わたしのマクロビオティック人生のきっかけは“かわいくなりたい”願望からであった。

小さい時からアレルギー体質で体も丈夫ではなかった。30代半ばにはアトピー性皮膚炎を発症し、また年に4-5回ぎっくり腰を繰り返し、もともと側弯症も持っていたことからヨガをはじめ、マクロビオティックで食事を変える中、望む生き方をしたいと思うようになった。

事務の仕事を辞め好きな料理を仕事にしたいと飲食店でアルバイトを始めた。しかし飲食店アルバイトは過酷で自分のペースでできる店をやりたいと思うと、スカイツリーのふもとの押上にすぐに好条件のいい物件を見つけることができた。そこからとんとんと必要なものが手に入ったり思い通りにミラクルが起きた。

ヨガ、食事、笑いの3つを大切に、それを店で共有したいと思っていたら、ヨガの先生がきてくれたり落語会ができたりと3年間にやりたいことができた。カフェの経営は楽なものではなく料理教室も自信はなかったが背に腹は変えられないと経営のために始めたり奮闘した。ビルの建て替えでお店の撤退となったが、これも本当にいいタイミングと流れで安堵した。

それから当時通っていた山村塾で山村先生の紹介箱根のマクロビオティックフレンチの食事を出すホテルで働き、経営譲渡のタイミングで退職。その後ヴィーガンカフェのアルバイト、ケータリングや出張料理で家庭に入り調理をするようになった。

その中で共働き家庭の食事の実態に驚く。不自然な調味料、忙しさの中で料理が負担になっている人たちに、無理に押し付けることがベストではなく相手のニーズに合わせつつ、その中で手作り、なるべくよいものを食べていただけることを心掛けている。

今年に入り、ようやく自宅で料理教室をスタートし、より人々に寄り添い、実践と伝えることをしていきたい。

仕事も学びも必要な時に必要なだけ与えられてきたと実感している。

波多野毅 

阿蘇で寺子屋TAO塾を26年、教えない教育•治さない医療•救わない宗教をモットーにやっている。

大学の教壇にも上がるが、今回は難しい話は一切しない。最近、講談をしているので張扇を少し使うかも知れない。今日は“不労のすすめ”というテーマに話をする。

28年前アメリカのKushi Instituteでワークスタディスタッフをしていた。

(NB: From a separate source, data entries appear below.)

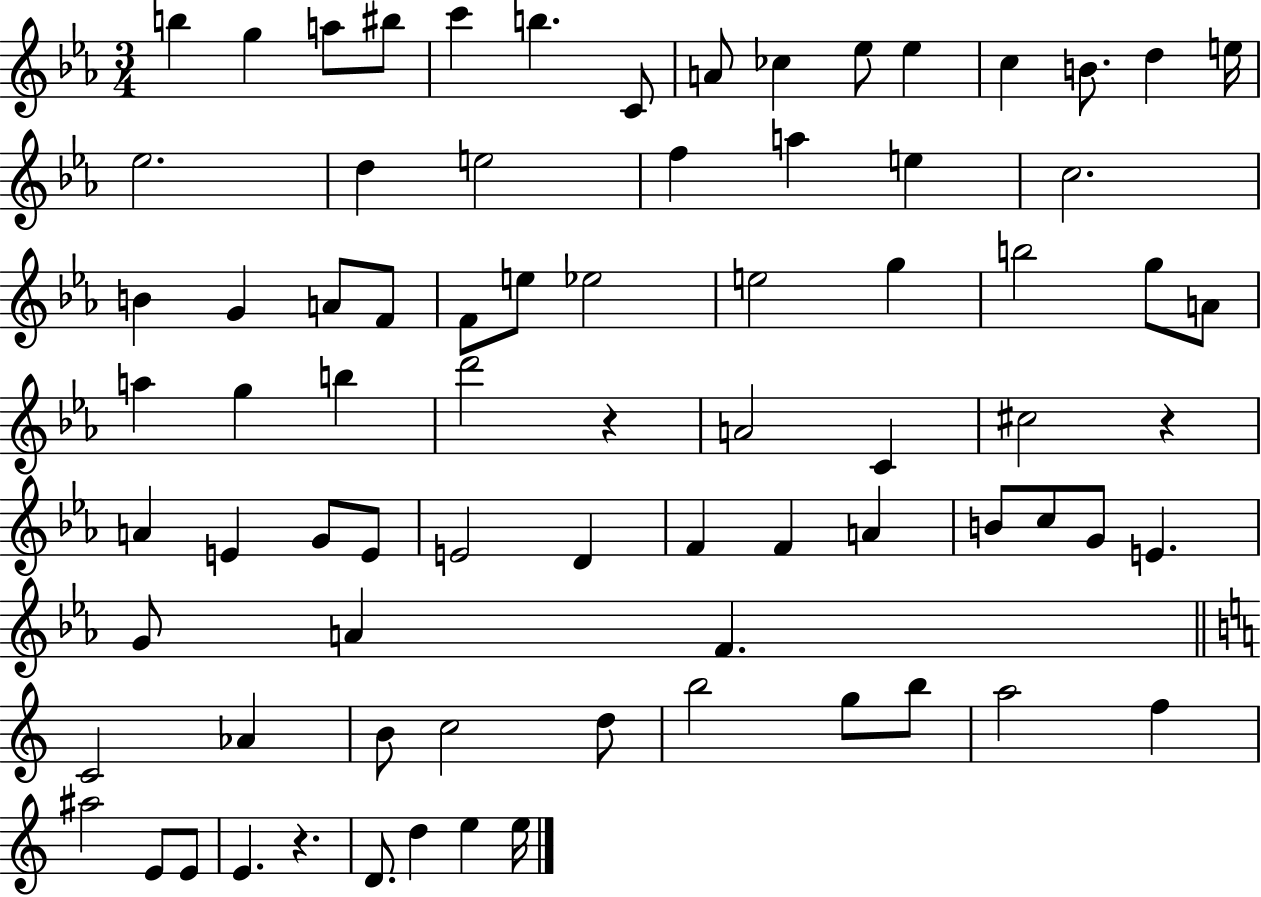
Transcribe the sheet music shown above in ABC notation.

X:1
T:Untitled
M:3/4
L:1/4
K:Eb
b g a/2 ^b/2 c' b C/2 A/2 _c _e/2 _e c B/2 d e/4 _e2 d e2 f a e c2 B G A/2 F/2 F/2 e/2 _e2 e2 g b2 g/2 A/2 a g b d'2 z A2 C ^c2 z A E G/2 E/2 E2 D F F A B/2 c/2 G/2 E G/2 A F C2 _A B/2 c2 d/2 b2 g/2 b/2 a2 f ^a2 E/2 E/2 E z D/2 d e e/4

ジョンレノンのイマジンの一節にある「There is no possessions〜所有なんてないのさ」。

コロナは労働や勤労について徹底的に考え直す好機である。

頑張らなくてもいい、稼がなくても、役に立たなくても、喜ばれなくたっていい。存在自体が100点満点。

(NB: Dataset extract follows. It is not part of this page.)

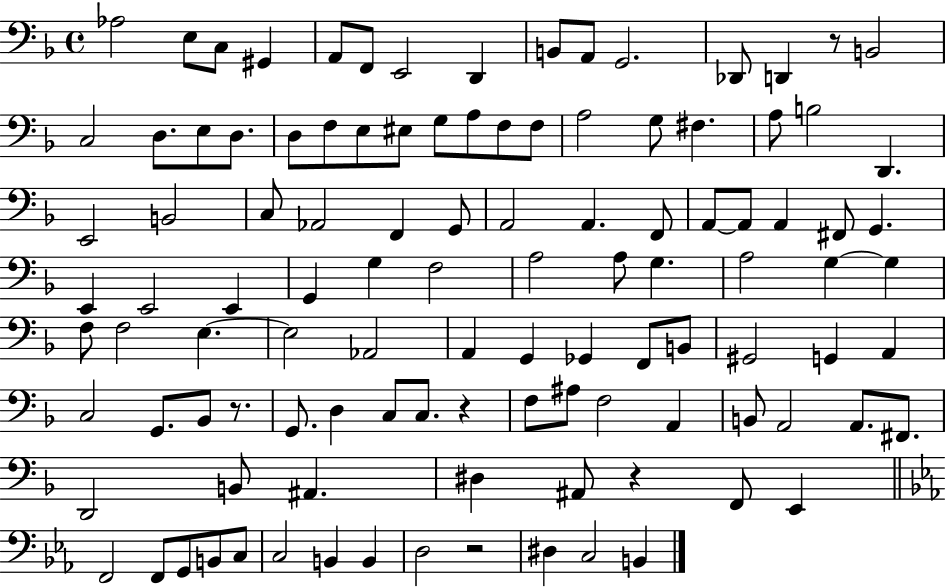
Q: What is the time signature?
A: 4/4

善悪の観念や、「働かざる者食うべからず」If man will not work, he shall not eat.

の教えの洗脳力は大きい。

しかし、パタゴニアの創始者であるイヴォン・シュイナードの「遊ばざるもの働くべからず」( If man will not play, he shall not work.)や、マクロビオティックの創始者•桜澤如一が言っている「遊ばざるもの食うべからず」( If man will not play, he shall not eat. )  も同様なことを伝えており、楽しむことの大切さを名言として遺している。

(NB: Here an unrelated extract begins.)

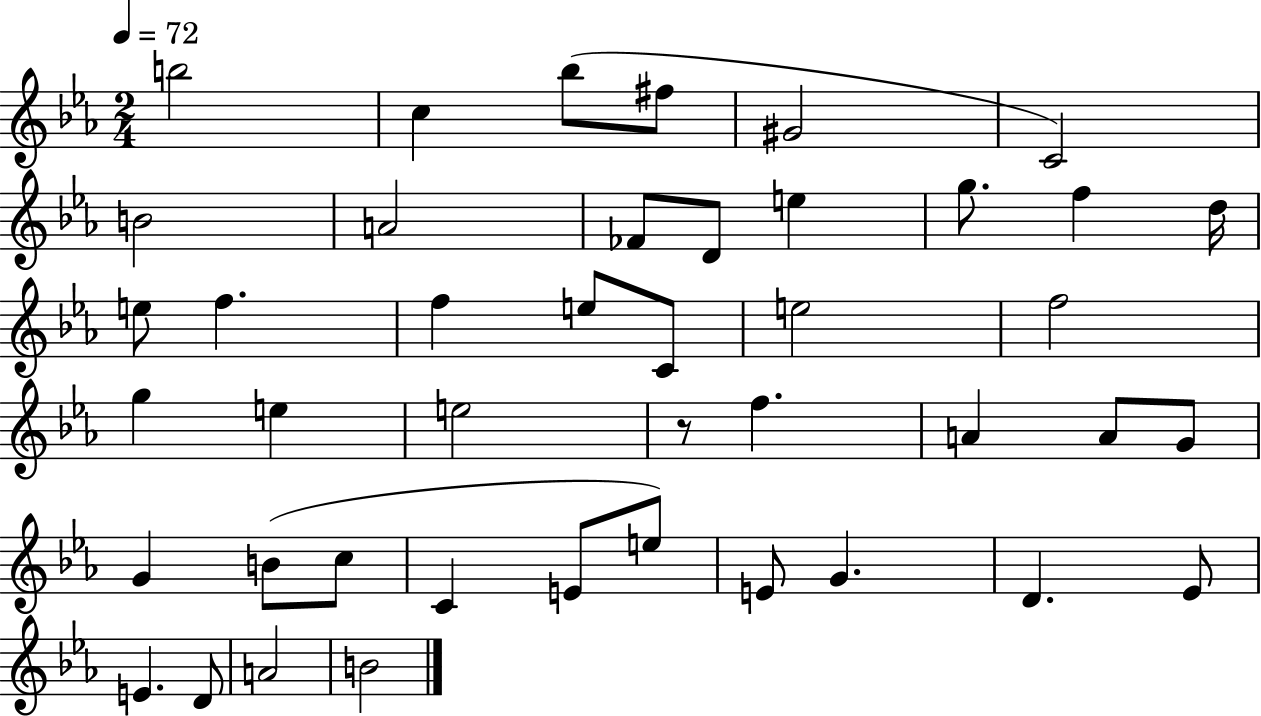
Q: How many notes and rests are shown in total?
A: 43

心底好きなこと、わくわくすることをする。自己満足でやっています、道楽でやっていますと堂々と言えばいい。生きることはマスターベーションが基本で、そのうちに自然と相手の喜ばすことを喜ぶようになる。その喜びの方が大きい。しかし、内なる子供(=インナーチャイルド、永遠の子供)が喜ぶことをすることが基本で、それを抑圧した状態でペアレンツで演じているとそのエネルギーは必ず人への抑圧へ転嫁する。自分が1年間に必要なエネルギーと食料を具体的に把握しておけば不安になることはない。

マクロビオティック界隈で見かける「ネバ―ランドのベッキーさん」(〜せねばならない、〜するべきだという固定観念に捉われた思考停止人間)はミクロビオティックだ。

愛と直感の自己満足からスタートした先に、色々なワクワクするプロジェクトが待っている。今は半農半塾から半農半Xの10乗の生活。不労は、フロー、浮浪、不老に通ず。

 

まとめ

マクロビオティックな生き方をしていると、仕事が生きることと同一化している人がほとんどです。マクロビオティックに出会うと仕事が生き方になり、遊びになってくるという流れが今回のパネラーのお話で、みなさんに伝わり、それぞれのステージでの気づきとなったのではないでしょうか。